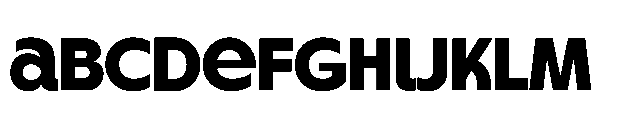BT Oateria Extra Bold Font UPPERCASE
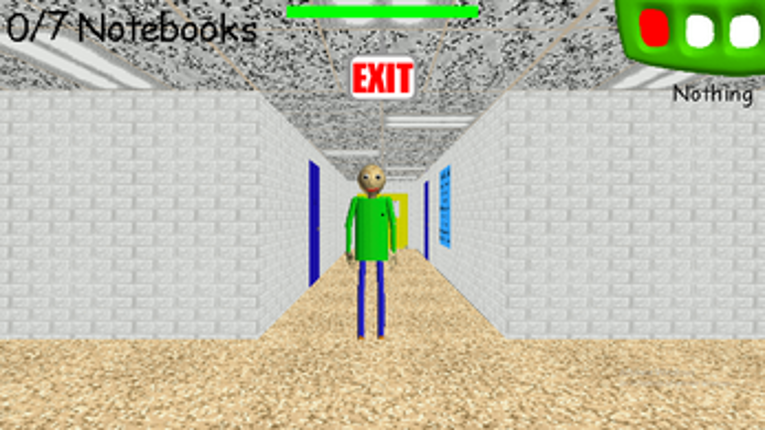 Baldi Has a Golden Ruler! screenshot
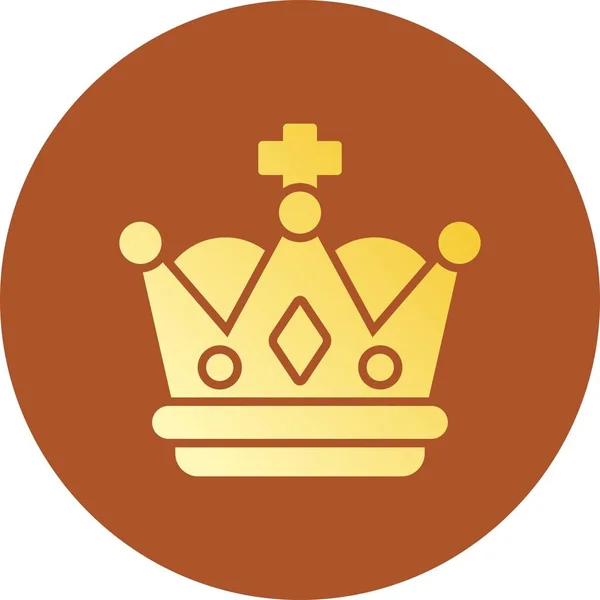Crown Creative Icons Desig — 스톡 벡터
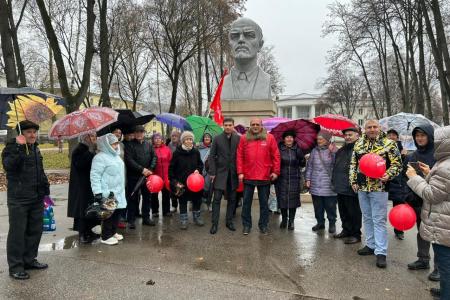 Коммунисты Самарской области отметили 108-ю годовщину Великой Октябрьской социалистической революции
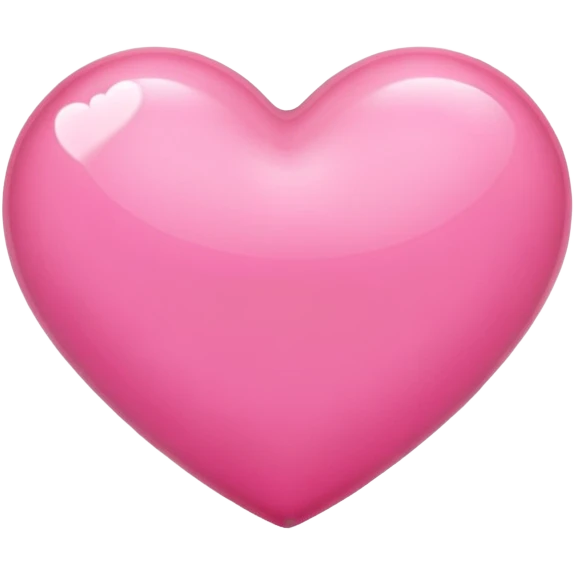 Pink heart  emoji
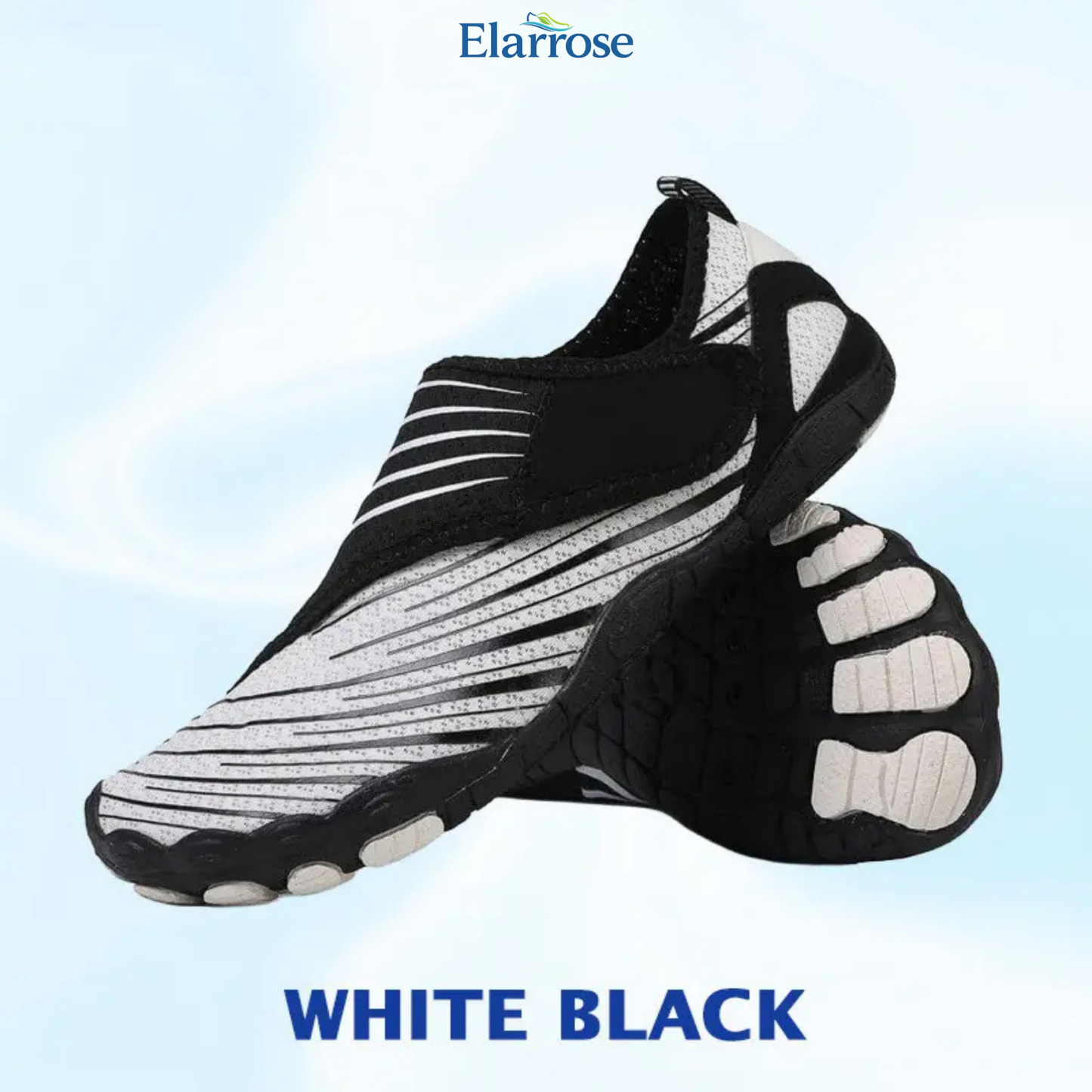 Elarrose - Wide Toe Box Waterproof Barefoot Shoes For Seniors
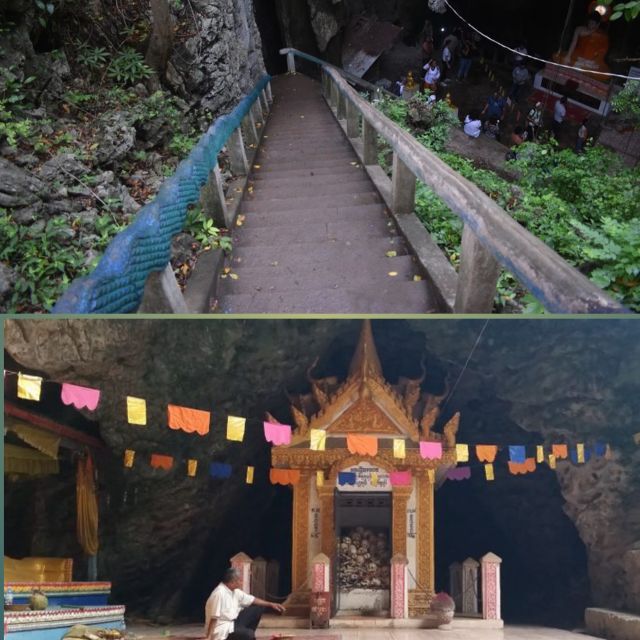 Battambang family tuktuk tour BambooTrain/Wat Banan/Bat cave - What the $8 price really covers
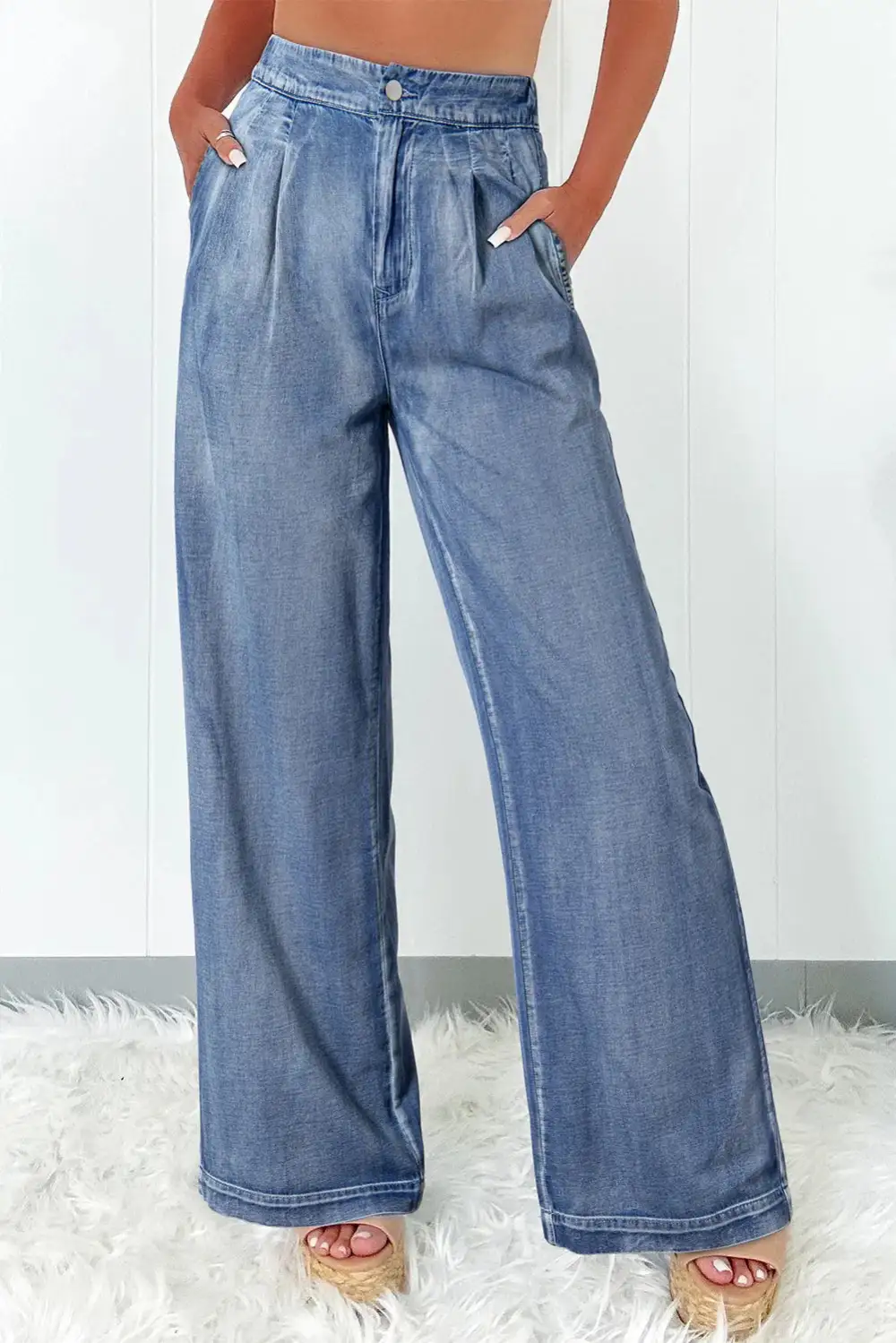 Wide Leg High Waist Dusk Acid Jeans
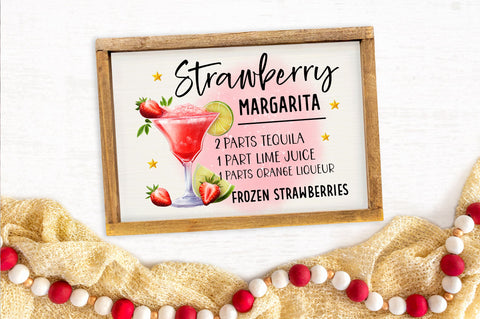 Strawberry Margarita PNG design Sublimation Regulrcrative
■ ■ ■ ■
**What to produce**
Leave the images behind and write out every entry exactly.

**Solution to this problem**
BT Oateria Extra Bold Font UPPERCASE
 Baldi Has a Golden Ruler! screenshot
Crown Creative Icons Desig — 스톡 벡터
 Коммунисты Самарской области отметили 108-ю годовщину Великой Октябрьской социалистической революции
 Pink heart  emoji
 Elarrose - Wide Toe Box Waterproof Barefoot Shoes For Seniors
 Battambang family tuktuk tour BambooTrain/Wat Banan/Bat cave - What the $8 price really covers
 Wide Leg High Waist Dusk Acid Jeans
 Strawberry Margarita PNG design Sublimation Regulrcrative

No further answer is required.